When I asked him whether something similar could happen in Australia, Mr Turnbull stared out his Sydney office window. "There are real risks for Australia in globalisation and we could be a loser in the future just as we have been a winner to date," he said.
Those risks are more than obvious now. Unlike Japan, Australia is not suffering from deflation and demographic blight. But its leaders, too, are guilty of not moving fast enough to adjust to a changing economic reality. Over the last two years, neither then-prime minister Tony Abbott nor Treasurer Joe Hockey implemented the structural reforms needed to increase incomes and boost competitiveness. Rather than invest in education, training and infrastructure and tweak taxes to empower small businesses, Mr Abbott's team protected mining billionaires (by scrapping carbon-tax policies). His government championed fiscal austerity even as the economy experienced its weakest run of growth since the 1991 recession. Business leaders complained, rightly, about a lack of resolve to overhaul an outdated labour market. As a historic property bubble from Sydney to Perth massively outpaced wage growth, Mr Hockey told voters they were imagining the problem.
In fact, it is the government that has appeared blind to the competitive pressures of globalisation. For years, China's voracious appetite for iron ore, coal, copper and other commodities fuelled growth and filled Canberra's coffers.
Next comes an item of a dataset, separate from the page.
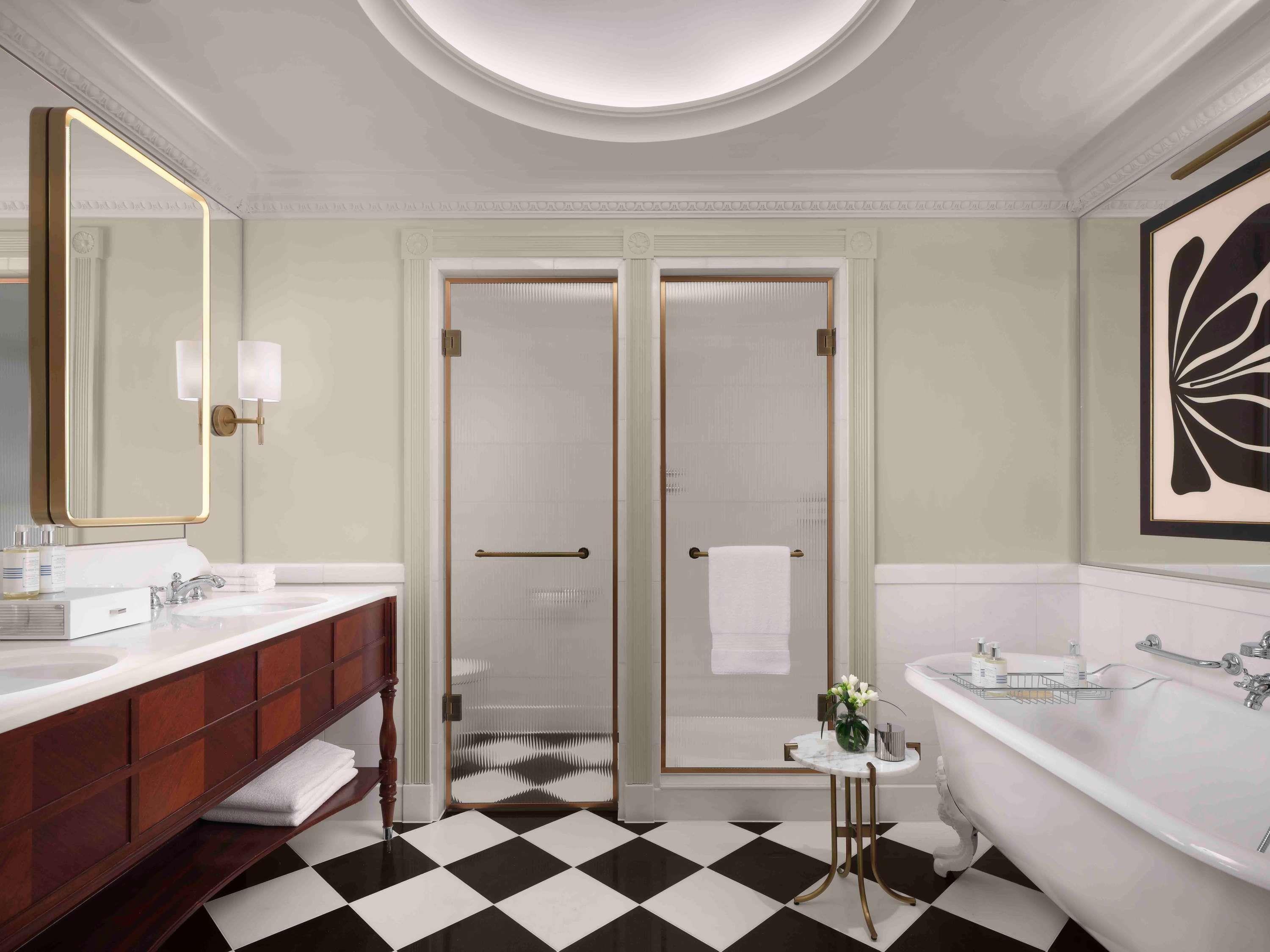 1 Bedroom, Suite, King Bed, River View, Butler, Living Area, The Savoy Hotel 7/8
That dampened the urgency for Mr Abbott or his predecessors to diversify growth engines away from the mining industry, leading to a two- speed economy and widening inequality.
There is plenty of blame to go around, but Mr Abbott's Liberals deserve much of it thanks to former prime minister John Howard's failure to diversify the economy during his 1997 to 2007 term. Mr Howard's stint followed those of reformists Bob Hawke (1983 to 1991) and Paul Keating (1991 to 1996).
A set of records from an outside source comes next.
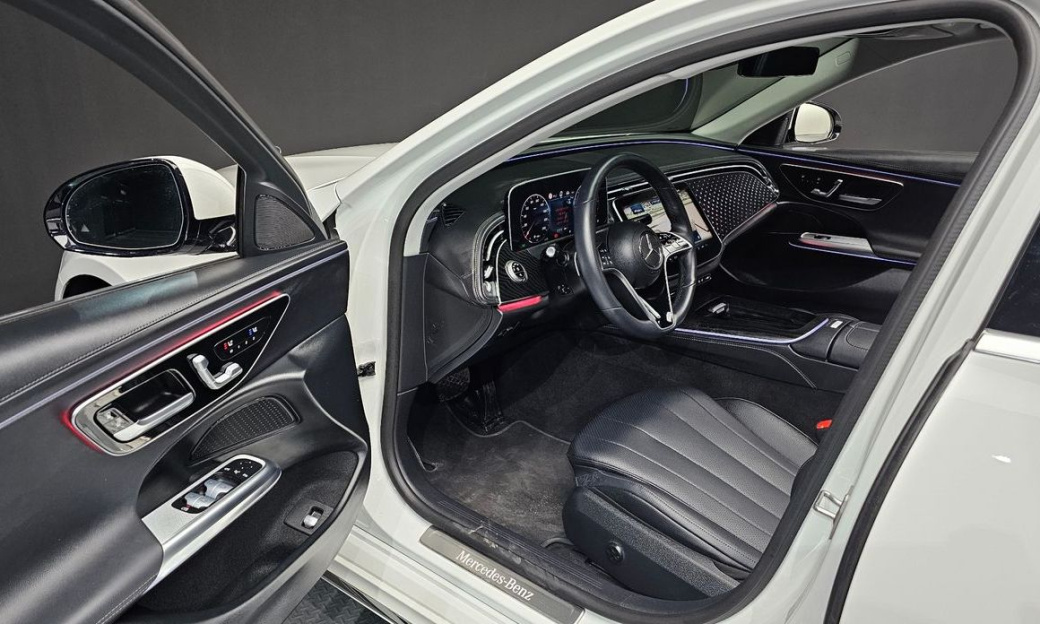 Mercedes-Benz E-Class E220d 4MATIC Exclusive, 2024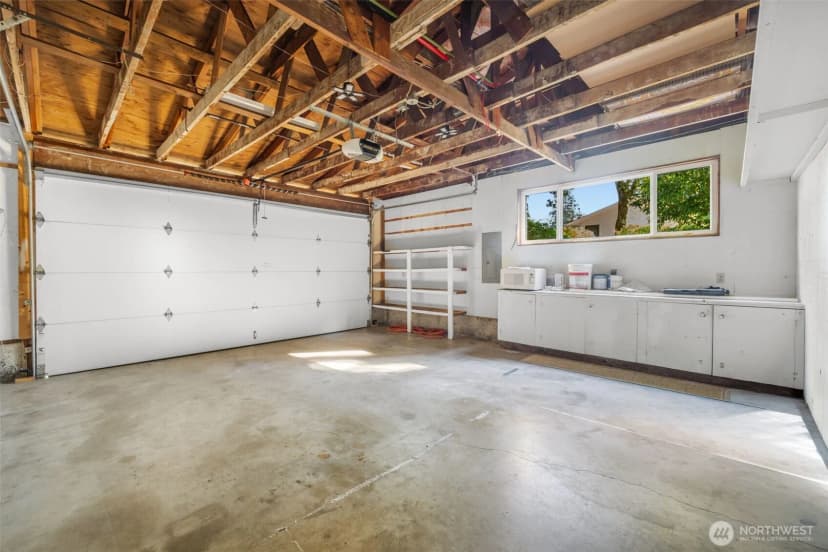Property photo for 6309 Ne 156th Street, Kenmore photo 30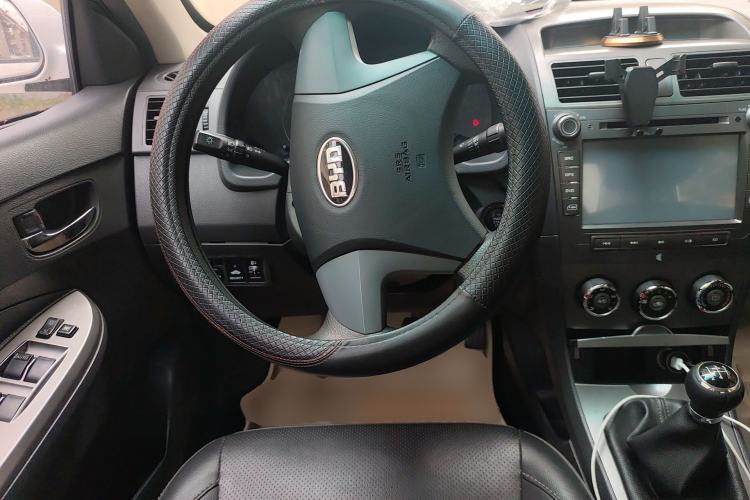 Used BYD L3 2015 Energy-Efficient Model 1.5L Manual Comfort Edition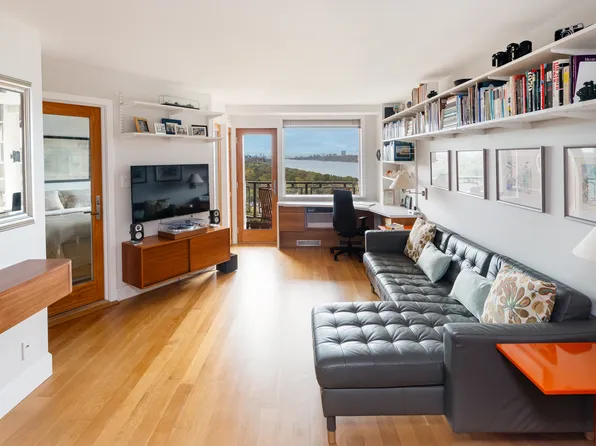 5700 Arlington Avenue image 4 of 12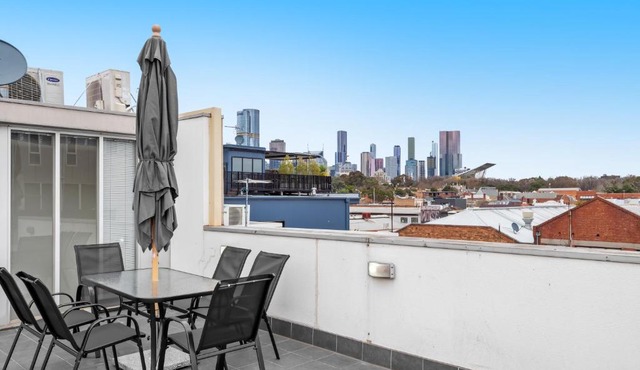 Complete Host Fitzroy Townhouse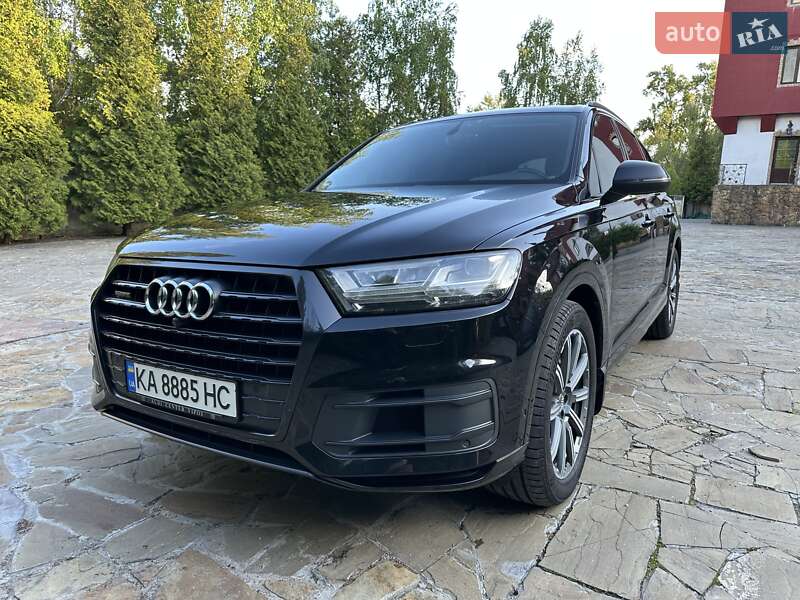 Внедорожник / Кроссовер Audi Q7 2019 в 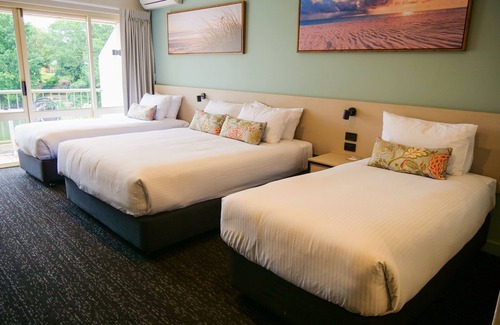 Nerang Hotel | Nightcap at Hinterland Hotel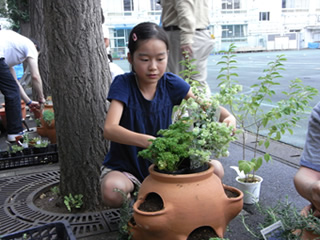 できあがりをイメージしながら手ぎわよく作業しています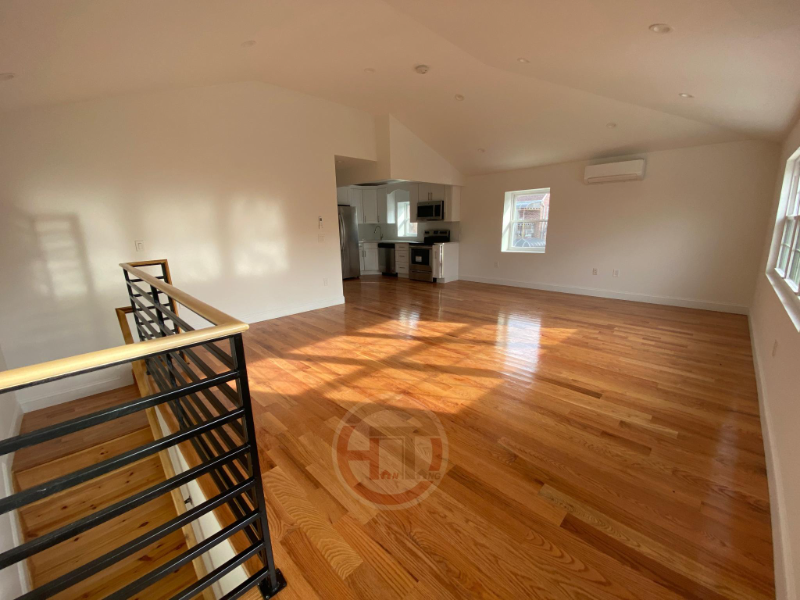 2310 Vance St #2 - Photo 2 of 9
Governments during the Hawke-Keating era lowered trade tariffs, opened the financial industry, floated the Australian dollar and built a compulsory, national pension system. And then Mr Howard coasted, riding China's coat tails and leaving economic management to the central bank.
Mr Howard's successors, the Labor Party's Kevin Rudd and Julia Gillard, should have done more to rebalance the economy. But their fight to impose taxes on excessive mining profits, share Australia's wealth and put a price on carbon emissions was the right one.
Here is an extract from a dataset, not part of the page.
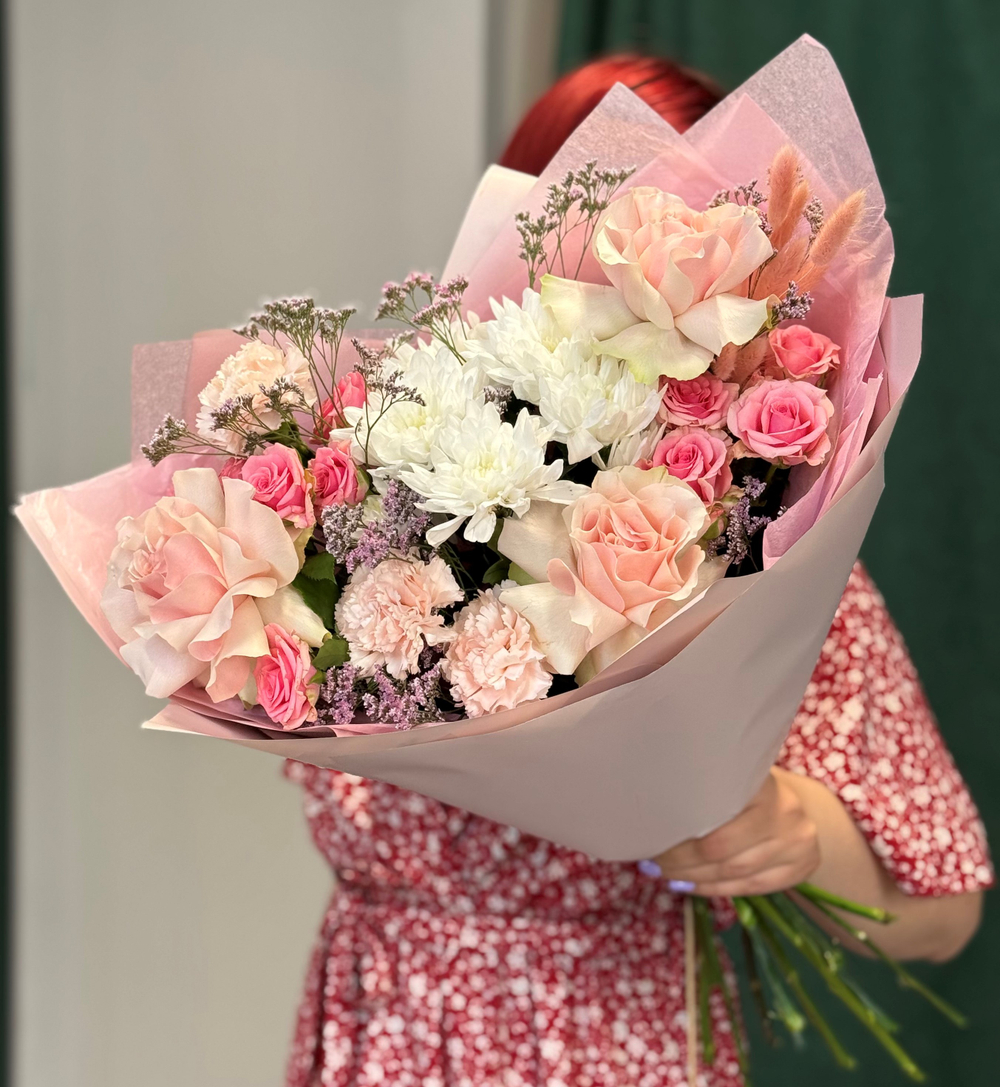 Букет «Незабываемо» французская роза и кустовая роза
By contrast, Mr Abbott allowed even Beijing to grab the mantle of leadership on climate change away from Canberra.
Australians need Mr Turnbull to lead on reform, not relax. The new government must be less ideological about attaining Budget surpluses and more attuned to how Australia risks getting left behind by globalisation. It must invest more in human capital to increase productivity and in physical hardware - better roads, ports, power grids and telecommunications systems.
Mr Turnbull needs to create new jobs to mitigate the hollowing out of industries, including the manufacturing sector.
He also must overhaul an antiquated tax system to encourage Australia's best and brightest to create a home-grown Apple or Google.
The good news is that, as far back as 2002, he was mulling this very problem. At that time, he said Australia's tax system was "totally uncompetitive", and it drives would-be entrepreneurs to Silicon Valley and Singapore.
"These risks are real, because the playing field is, by force of geography, tilted against us," Mr Turnbull told me. For 15 years now, Mr Turnbull has been touted as a future Australian prime minister - the Sydney Morning Herald did not dub him the "raging Turnbull" for nothing. Now, he finally has his chance to rage against the Canberra smugness that is holding back one of the world's great economies.